To configure the SONET framing mode, perform the following steps, beginning in global configuration mode:

Command Purpose
Step 1 

Router(config)# interface atm slot/subslot/interface

Router(config-if)#

Enters interface configuration mode and specifies the ATM interface to configure.
Step 2 

Router(config-if)# atm sonet stm-1

or

Router(config-if)# atm sonet stm-4

Configures the SONET framing mode to STM-1 (for the OC-3c ATM interface) or to STM-4 (for the OC-12c interface).
Step 3 

Router(config-if)# no shutdown

Enables the interface with the above configuration.

To return the SONET framing mode to the default, use the no form of the atm sonet command.

Configuring SONET Overhead

You can use the sonet overhead command to set the SONET overhead bytes in the frame header to meet the requirements of a particular standard or to ensure interoperability of the ATM uplink interface with the equipment of another vendor. Use the no form of this command to restore default values.

To configure the SONET overhead, perform the following steps, beginning in global configuration mode:

Command Purpose
Step 1 

Router(config)# interface atm slot/subslot/interface

Router(config-if)#

Enters interface configuration mode and specifies the ATM interface to configure.
Step 2 

Router(config-if)# sonet overhead [c2 byte] [j0 {bytes | msg | line}] [j1 {16byte {exp-msg line| msg line}| 64byte {exp-msg line | msg line}] [sls0 bits]

Configures the SONET overhead bytes, as follows:

  • c2 is a path signal label identifier
  • j0 is the section trace bytes
  • j1 is the path trace bytes
  • sls0 is part of the payload pointer byte
Step 3 

Router(config-if)# no shutdown

Enables the interface with the previous configuration.

Note   On the ATM OC-3c interface, you can configure the c2 byte and the s1s0 bits. On the ATM OC-12c interface, you can configure the c2 byte, j0 byte, and j1 byte, and the s1s0 bits.
SONET Overhead Values

The value of the c2 byte is determined as follows:

  • If the value of the c2 byte has not been explicitly configured with the sonet overhead command, the SONET framer sends the ATM payload value of 0x13.
  • If the value of the c2 byte has been explicitly configured with the sonet overhead command, the configured value is sent, regardless of the encapsulation method.

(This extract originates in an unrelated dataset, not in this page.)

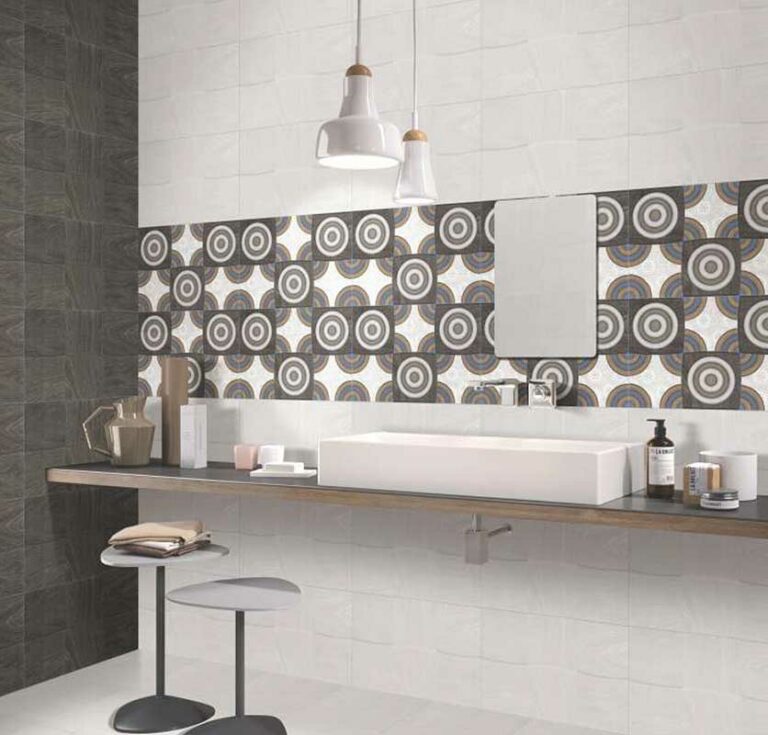 Kajaria Bathroom Wall Tiles Collection 2020 The Tiles of India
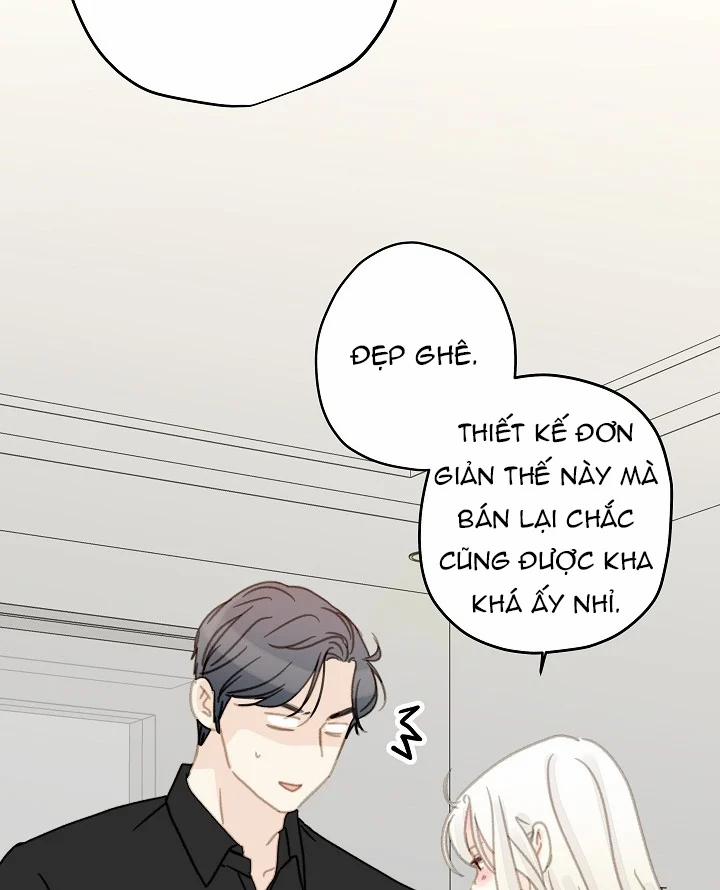 [18+] Người Bạn Thứ Năm 44.2 trang 32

The value of the s1s0 byte is determined as follows:

  • If the value s1s0 bytes have not been explicitly configured with the sonet overhead command, the SONET framer sends the applicable value, as follows:
    • For SONET framing, the default value is 0.
    • For SDH framing, the default value is 2.
  • If the value of the s1s0 bits has been explicitly configured with the sonet overhead command, the configured value is used regardless of the framing.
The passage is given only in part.